A Small Starter: Questions of Food

We have happy days, remember good dinners.

—CHARLES DARWIN

We eat to live? Yes, surely. But why then did the immortal gods also come to the table, and twice a day?

—LÉON ABRIC

IN THE early morning—six-forty, precisely—of May 24, 1942, a young professor of German, a resistant who had taken the underground name of Jacques Decour (his real name was Daniel Decourdemanche) and who taught before the war at the Lycée Henri IV in Paris, wrote a letter to his parents:

You know that for the past two months I have been expecting what is to happen to me this morning; so I have had the time to prepare myself for it; but since I have no religion, I have not given myself up to any meditation on death. Here are a few requests. I was able to send a word to the woman I love. If you see her—soon I hope—give her your affection. This is my dearest wish. I also wish that you could keep an eye on her parents who need help badly. Give them the things that are in my apartment and which belong to their daughter: The volume of the PLEIADE, THE FABLES DE LA FONTAINE, TRISTAN, LES QUATRE SAISONS, two water colors, the menu of the inn LES 4 PAVES DU ROY.

All these last days I have thought a lot about the good meals that we should have together when I was free. You will eat them without me, all the family together—but not sadly, please! I don’t want your thoughts to dwell on the good times that we might have had but on those that we really have shared. During these two months of solitude without even anything to read I have run over in my mind all my travels, all my experiences, all the meals that I have eaten. I even composed the outline of the novel. I had an excellent meal with Sylvain on the 17th. I have often thought of it with pleasure, as well as of the New Year’s supper with Pierre and Renée. Questions of food, you see, have taken on a great importance.

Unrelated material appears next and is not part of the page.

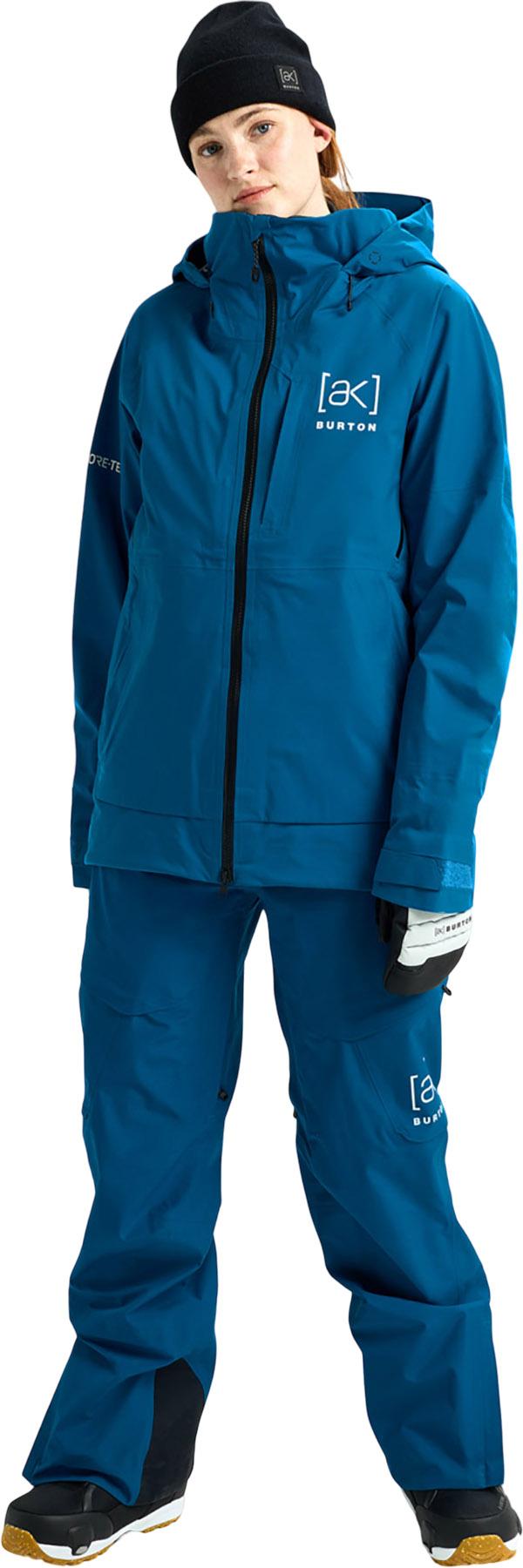 Product gallery image number 2 for product Manteau Ak Kimmy Gore-Tex 3L Stretch - Femme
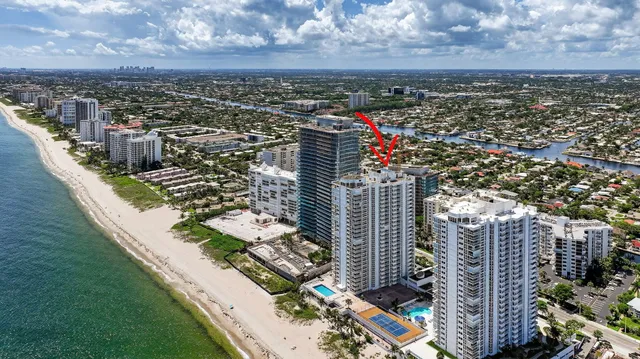 $659,000 | 1370 South Ocean Boulevard, Unit 405, Pompano Beach, FL 33062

Three hours later, what was going to happen to Decour happened to him. He was shot by the Nazis in the courtyard of the prison. Yet there he was, in the last hours of his life, thinking about sending a menu from a little inn near Versailles to his girlfriend’s parents. (They must have eaten there, once.) His last thoughts turned to his best-loved meals. Of course, he’s nobly trying to ease the horror for his parents, but he’s also trying to find something to hang on to. Questions of food, you see, have taken on a great importance.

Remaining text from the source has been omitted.